Battue à coup de tuyaux
La journaliste agressée en Tchétchénie détaille son calvaire

La Russie enquête sur la violente agression de la journaliste Elena Milachina, sévèrement battue alors qu'elle se rendait au tribunal ce mardi à Grozny, en Tchétchénie. Selon ses proches, son état de santé est préoccupant.
Publié: 06.07.2023 à 09:09 heures
|
Dernière mise à jour: 06.07.2023 à 09:38 heures
1/5
Plusieurs agresseurs ont sévèrement battu la journaliste d'investigation Elena Milachina, à coups de tuyaux en plastique.
Photo: keystone-sda.ch

Sa tête chauve, ses doigts cassés et son corps recouvert d'hématomes après un passage tabac à coups de pied, de poing et de matraque trahissent la violence de l'agression: la journaliste d'investigation Elena Milachina a été sévèrement amochée mardi par des agresseurs en Tchétchénie, et arrosée d'antiseptique vert.

Entre-temps, elle a été hospitalisée à Moscou. «Son état est franchement préoccupant», a déclaré mercredi à l'AFP Dmitri Mouratov, le rédacteur en chef de «Novaïa Gazeta» pour lequel travaille la journaliste. Cette dernière a raconté que dix à quinze agresseurs l'avaient battue avec des tuyaux en plastique.

«Cela a fait très mal»

Elena Milachina évoque depuis des années les violations des droits de l'homme en Tchétchénie. La journaliste a déclaré que les tuyaux utilisés par les assaillants étaient fréquemment employés par les autorités pour maltraiter les détenus en Tchétchénie. «Ça a fait très mal», a-t-elle confié.

Lorsqu'elle a été attaquée mardi matin, elle était en compagnie de l'avocat Alexander Nemov, qui, lui, a été blessé par un coup de couteau. Elena Milachina a émis l'hypothèse que l'attaque avait un lien avec son travail avec l'avocat. Elle aurait en effet entendu les agresseurs dire à l'avocat qu'il défendait «trop de gens».

Une arme sur la tête

Selon le rédacteur en chef Dmitri Mouratov, les agresseurs ont frappé Elena Milachina, lui ont brisé les doigts et ont exigé qu'elle donne son smartphone. L'organisation russe de défense des droits de l'homme Memorial avait annoncé mardi qu'en plus des doigts cassés, Elena Milachina souffrait de contusions «sur tout le corps» et perdait parfois connaissance. Selon l'organisation de défense des droits de l'homme Human Rights Watch, les agresseurs ont rasé les cheveux d'Elena Milachina et l'ont aspergée d'antiseptique vert.

Avant d'être transférée à Moscou, Elena Milachina a d'abord été soignée dans un hôpital de Grozny, la capitale tchétchène, puis en Ossétie du Nord voisine. Dans une vidéo tournée à l'hôpital, Elena Milaschina a décrit l'incident: «Ils ont jeté le chauffeur de taxi dehors, ont sauté dans la voiture, ont appuyé sur nos têtes, m'ont attaché les mains (...) et nous ont mis une arme sur la tête.»

Ramzan Kadyrov les avait déjà menacés auparavant

Les enquêteurs russes ont ouvert une procédure pénale. Une enquête est en cours pour blessures légères et moyennes, ont-ils annoncé sur Telegram.

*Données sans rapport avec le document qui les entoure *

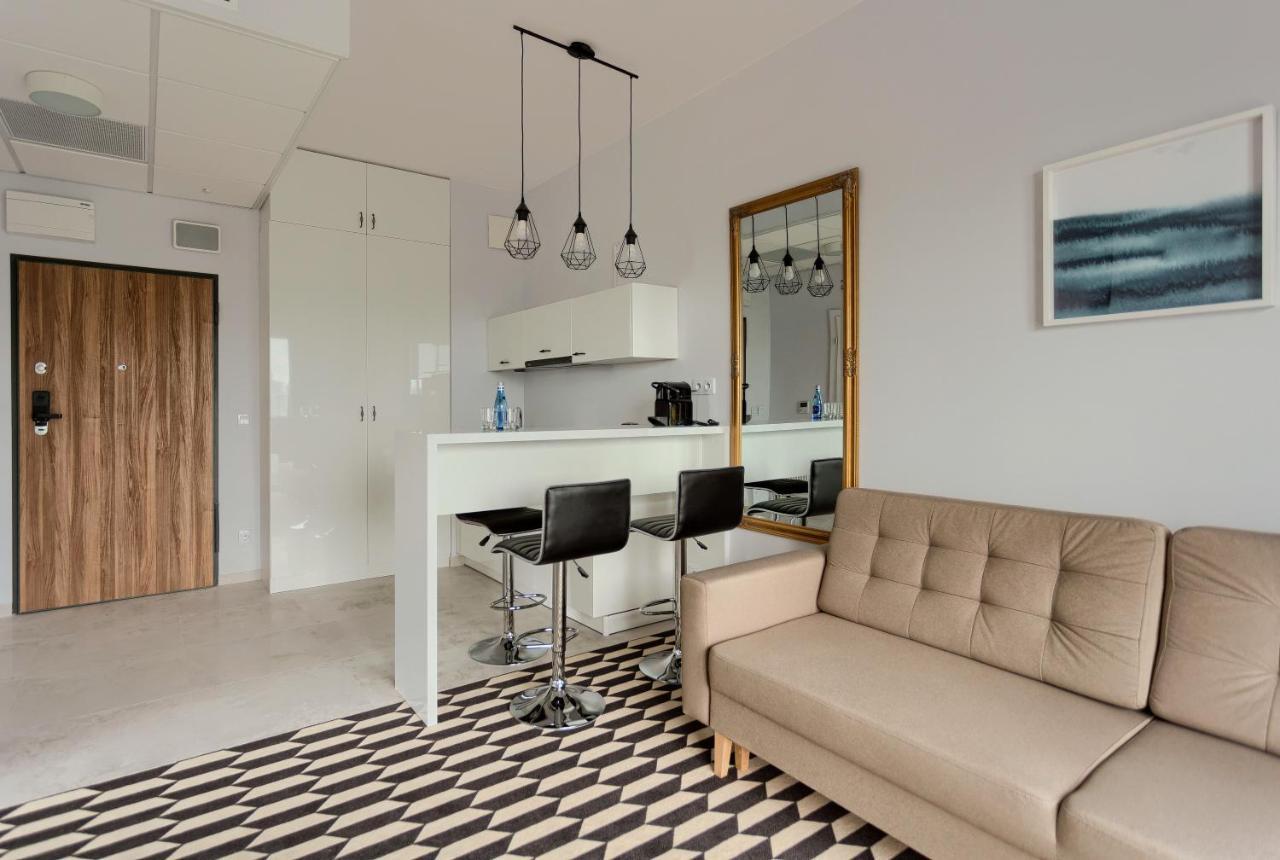 ורשה Apartamenty Prymasa Residence מראה חיצוני תמונה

Elena Milachina avait déjà été menacée de mort en 2020 par le dirigeant tchétchène Ramzan Kadyrov après avoir publié un article critiquant le traitement brutal de la population lors de la pandémie de Corona.

Ramzan Kadyrov a assuré mardi qu'il avait chargé les services compétents de «tout mettre en œuvre pour identifier les agresseurs». Le ministre tchétchène de l'Information, Akhmed Doudaev, a attribué la responsabilité de l'attaque aux «services secrets occidentaux», sans fournir de preuves. Dans le même temps, il a accusé Elena Milachina d'avoir «insulté les services de sécurité tchétchènes pendant des années».

Elle était venue couvrir un procès

La journaliste d'investigation de «Novaïa Gazeta» a couvert pendant des années les graves violations des droits de l'homme en Tchétchénie, notamment des exécutions extrajudiciaires. En février 2022, selon les informations de son journal, elle avait reçu des menaces de Ramzan Kadyrov, qui la qualifiait de «terroriste».

Mardi, la journaliste couvrir l'issue d'un procès retentissant contre Zarema Moussaeva, mariée à un opposant à Ramzan Kadyrov et mère de trois opposants aujourd'hui exilés.

Au sein de la «Novaïa Gazeta», dont le rédacteur en chef Dmitri Mouratov a reçu le prix Nobel de la paix en 2021, six journalistes et collaborateurs ont été tués depuis 2000, dont la reporter d'investigation Anna Politkovskaïa.